En ellas sobresalían la realidad de la pobreza que rechazaba cualquier posesión personal y colectiva, destacando el sayal pardo y las sandalias como único atuendo; la sencillez y buen trato con todos y todo, incluidos los animales, como entonaría el Cántico de las criaturas; la armonía pacífica entre todos, propio de la «buena gente» que se acostumbrarían a saludarse con «la paz sea entre nosotros» y, en fin, la vuelta hacia la naturaleza y el bien.

Allí aprendí, además, a comer y a dormir al raso y bajo las estrellas.

Al día siguiente, tras buena caminata, con ánimo resuelto ascendimos una empinadísima escalera tallada en la piedra para llegar empapados por el agua de la lluvia que caía en cascada por ella obstaculizando aun más nuestra subida hasta un modesto santuario que hospedo a Francisco de Asís, cuando visito la cercana y vieja ciudad de Gubbio, de hermosos palacios e iglesias.

El ermitaño que la habitaba nos ayudó a secarnos al calor de una enorme chimenea de piedra, mientras que nos contaba que, aún entonces, muchas noches tenía que acompañar a la mujer que le hacía la comida hasta las cercanías del pueblo por temor de los lobos.

Allí fue donde uno de ellos que tenía amedrantado a todos los habitantes de la zona se sometió a la voz de Francisco, sellando con su pata delantera la obediencia debida: el lobo de Gubbio, como narran Las Florecillas.

Poco mas adelante nos acercamos a la meta principal de nuestra excursión y que más recuerdos guardaba y conserva del santo. La población de Greccio a buena altura media sobre el valle y sobre ella como clavado en las mismas rocas el enorme santuario franciscano, lleno de historia y leyenda.

En una de las cuevas, cubierta más tarde por el gran santuario, el menudo y quebradizo Francisco de Asís aquejado de tuberculosis y glaucoma, sintió que sus horribles dolores se acentuaban con la aparición de las llagas de Cristo en sus manos, pies y costado.

Fue allí también donde en la noche santa de la Navidad construyó una escenificación del nacimiento de Jesús con personas haciendo de María y José, con la mula y el buey, apareciendo milagrosamente en medio y sobre pajas un recién nacido. Surgió así la tradición de los belenes navideños que ha llegado hasta nosotros, aunque ahora sufra los envites del árbol o Papá Noel.

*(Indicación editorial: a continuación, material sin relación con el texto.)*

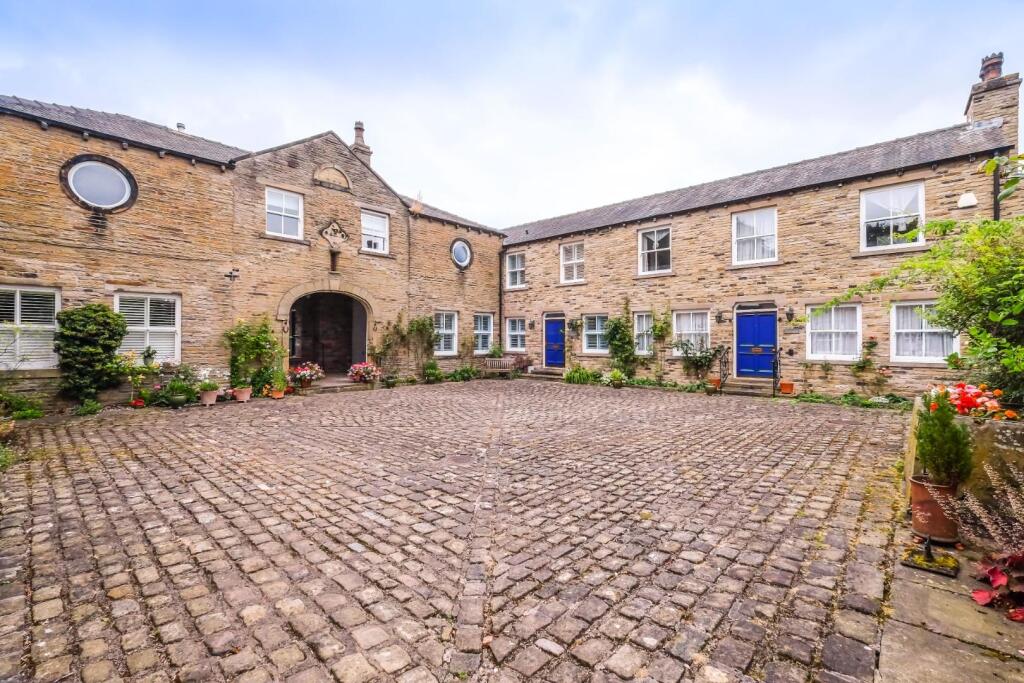 4 bed Detached for rent in Huddersfield. From Martin Thornton Estates Agents - Huddersfield 4 bed Detached for rent in Huddersfield. From Martin Thornton Estates Agents - Huddersfield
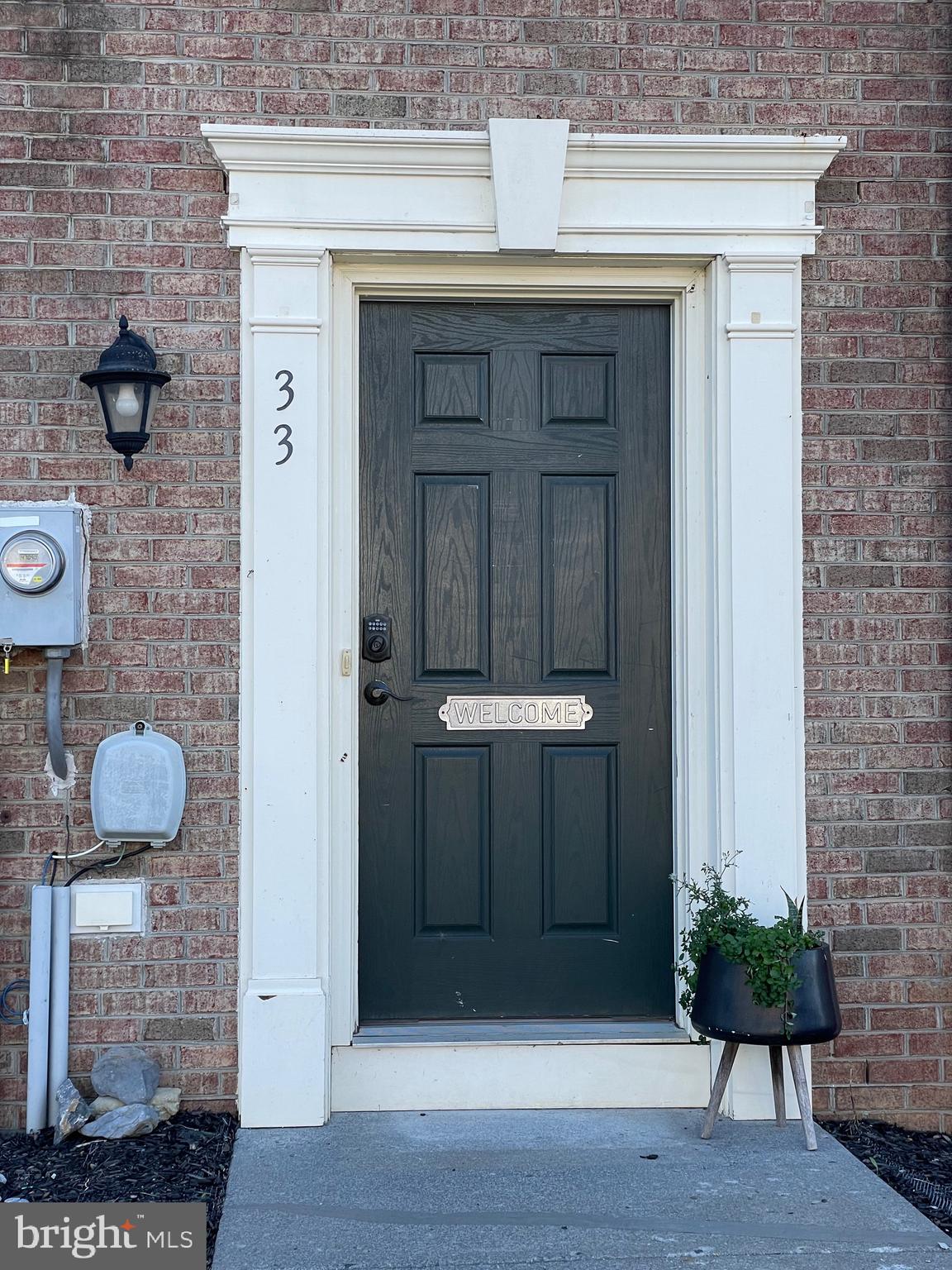 HUNTFIELD - Residential Lease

Esa noche apenas pudimos dormir en el caliente pajar lleno de heno que nos ofrecieron para poder terminar descansados llegando a «I Carceri», el primer poblado franciscano a las afueras de Asís. Desde el recuerdo emocionado «Pace e bene» (paz y bien) para todos y muy especialmente para los que la naturaleza a herido tan duramente.